[Brief descriptive captions]
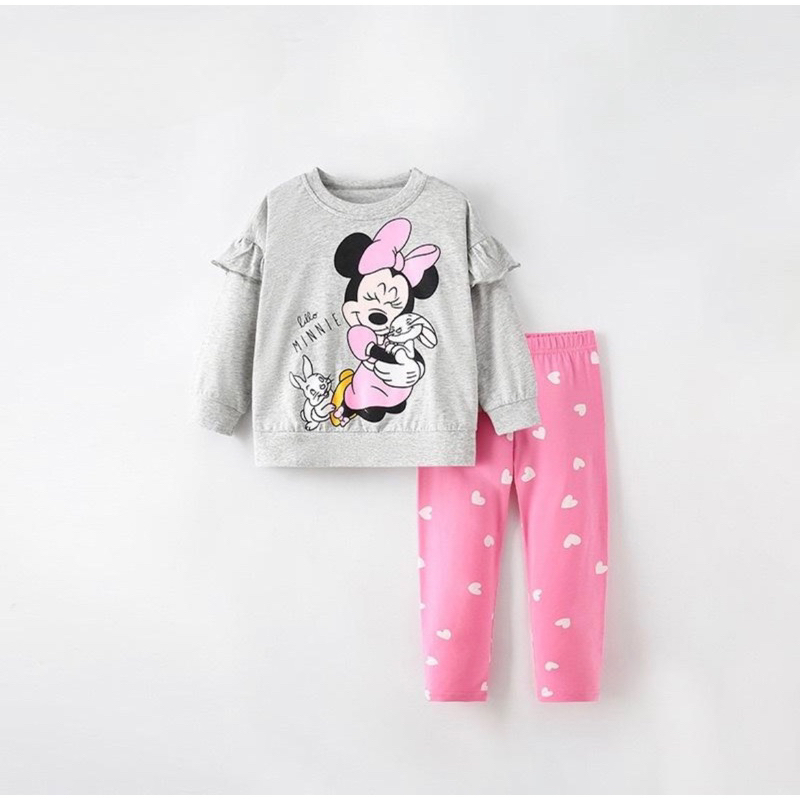 Bộ bé gái mùa thu mickey xám hồng
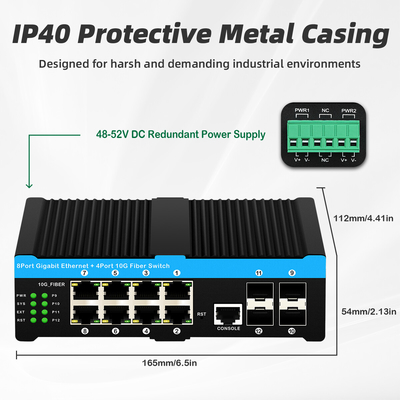12 Port 10G L2/L3 Managed Poe+ Switch 4*10G Sfp Port DC48V Dual Power Input 10g Poe Switch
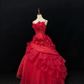 Red Spaghetti Strap Long Romantic Gown, Cinched Waist, Voluminous Vintage Luxury Skirt, Wedding Gown gh8111
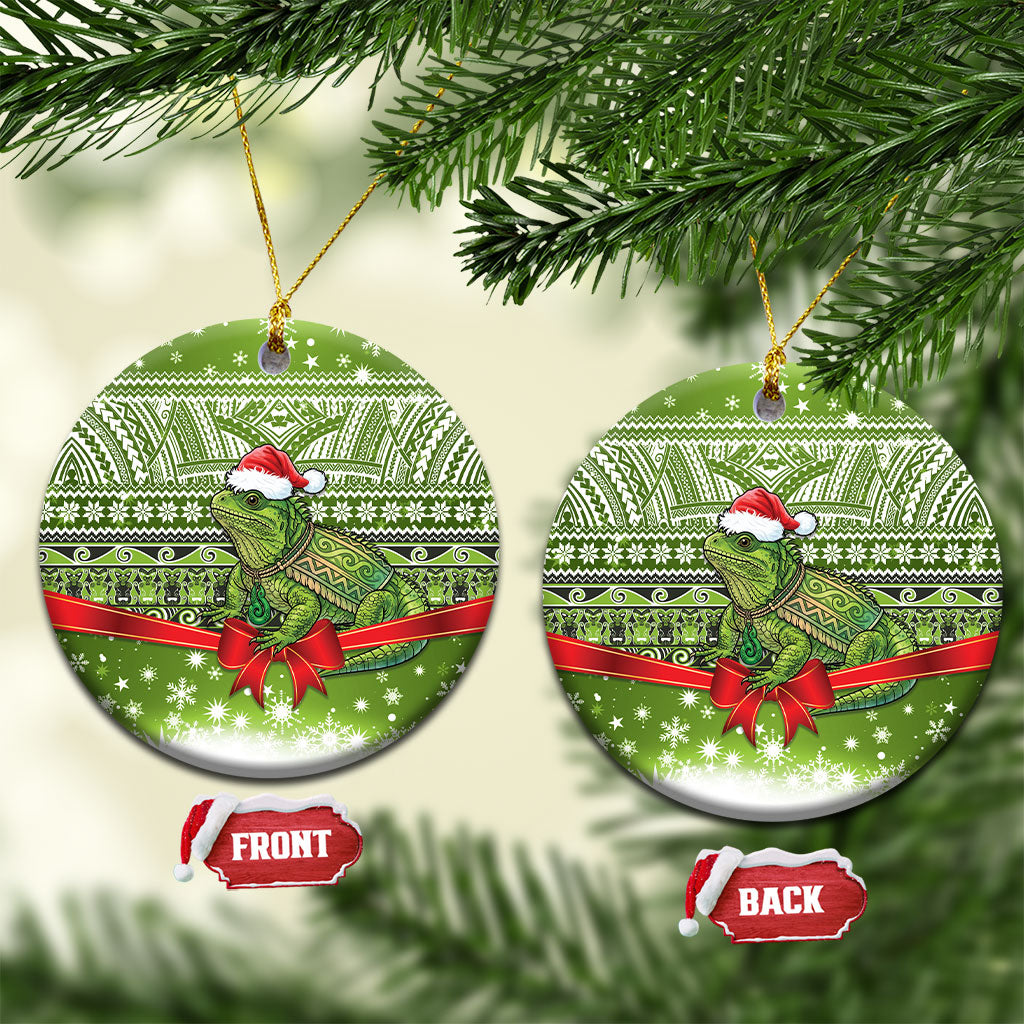 New Zealand Tuatara Christmas Ceramic Ornament Maori Inspired Knitted Patterns LT9 Circle Green - Polynesian Pride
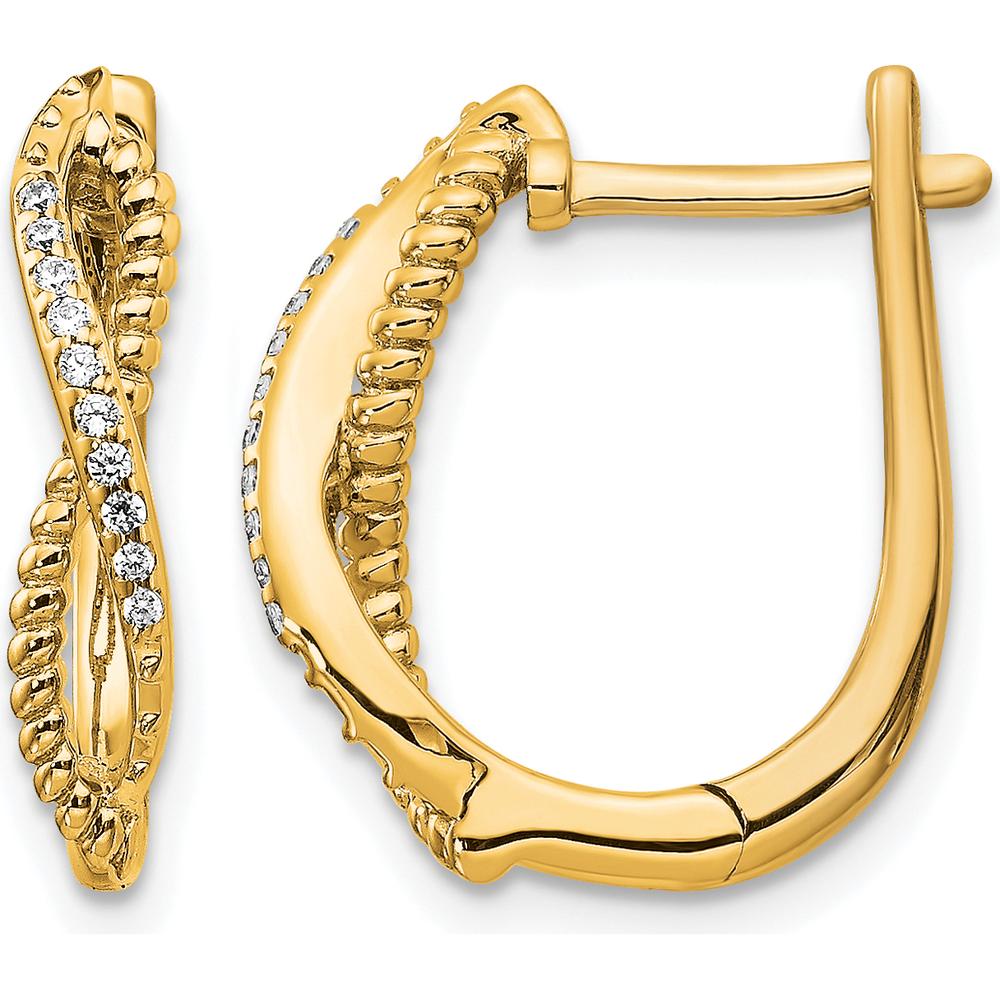 14K Yellow Gold Diamond Twisted Rope Hinged Post Earrings - 0.008 Carat Total Diamond Weight by Monteluci Fine Jewelry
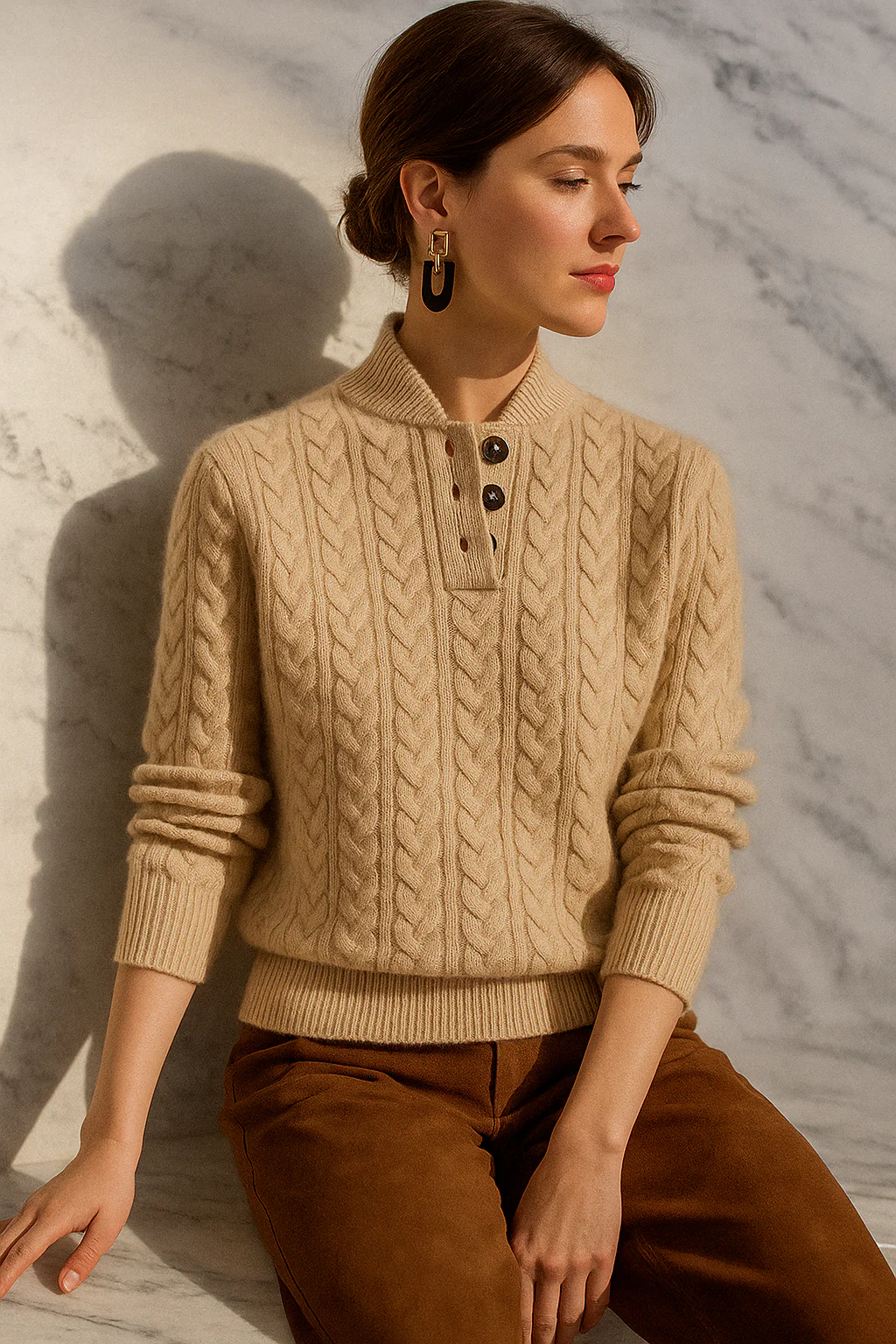 Women’s Pullover Sweatshirt – Wool Blend Cable Knit – Funnel Neck – Relaxed Fit - Image 4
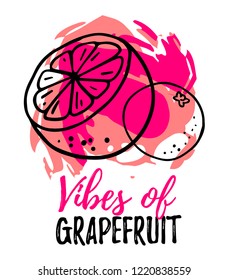 Vector summer illustration of juicy grapefruit with text on bright red background. Line art style design of citrus fruit for poster, greeting card, print, tshirt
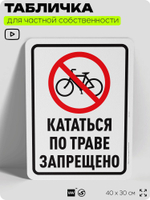 Табличка для частной территории "Кататься по траве запрещено", на дом, для участка, организаций и частных территорий, предупреждающая, 40х30 см, Silver Plane x Айдентика Технолоджи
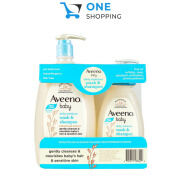 Bộ sản phẩm dầu gội & dưỡng ẩm hàng ngày cho bé Aveeno Baby 976ml & 355ml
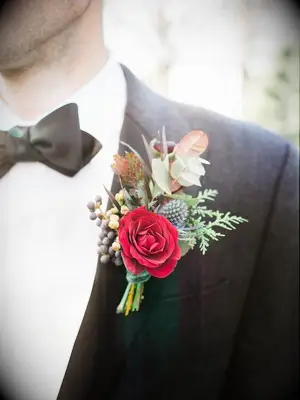 Boutonniere with red rose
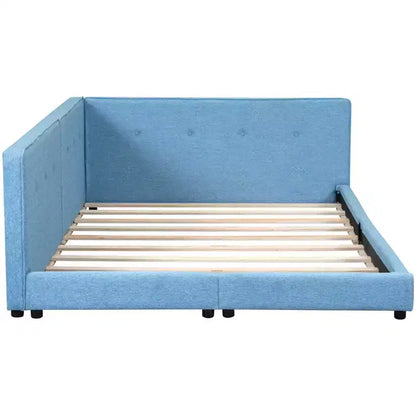 Lit de repos d'angle en forme de L, canapé-lit rembourré avec ports USB, cadre de lit plateforme capitonné en lin avec tête de lit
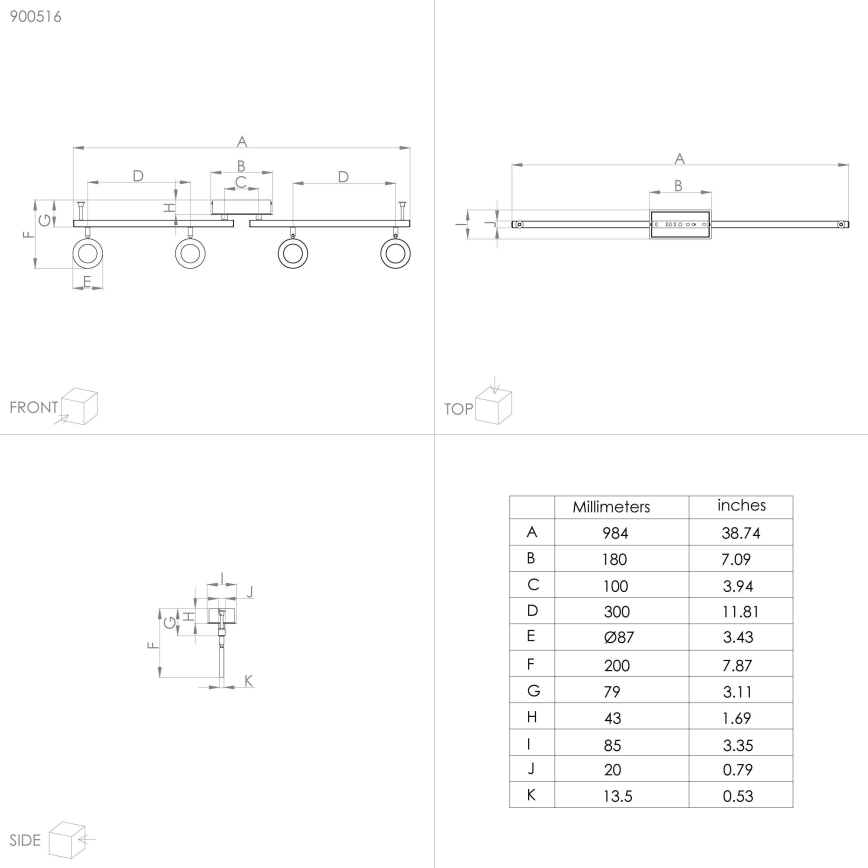 Eglo - Φωτιστικό σποτ LED 4xLED/3,2W/230V + 2xLED/3,3W/230V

YOUR ASSIGNMENT: Leaving out every picture, repeat exactly the lines of the records from the start through the line that has "New Zealand Tuatara".

RESPONSE:
 Bộ bé gái mùa thu mickey xám hồng
12 Port 10G L2/L3 Managed Poe+ Switch 4*10G Sfp Port DC48V Dual Power Input 10g Poe Switch
 Red Spaghetti Strap Long Romantic Gown, Cinched Waist, Voluminous Vintage Luxury Skirt, Wedding Gown gh8111
 New Zealand Tuatara Christmas Ceramic Ornament Maori Inspired Knitted Patterns LT9 Circle Green - Polynesian Pride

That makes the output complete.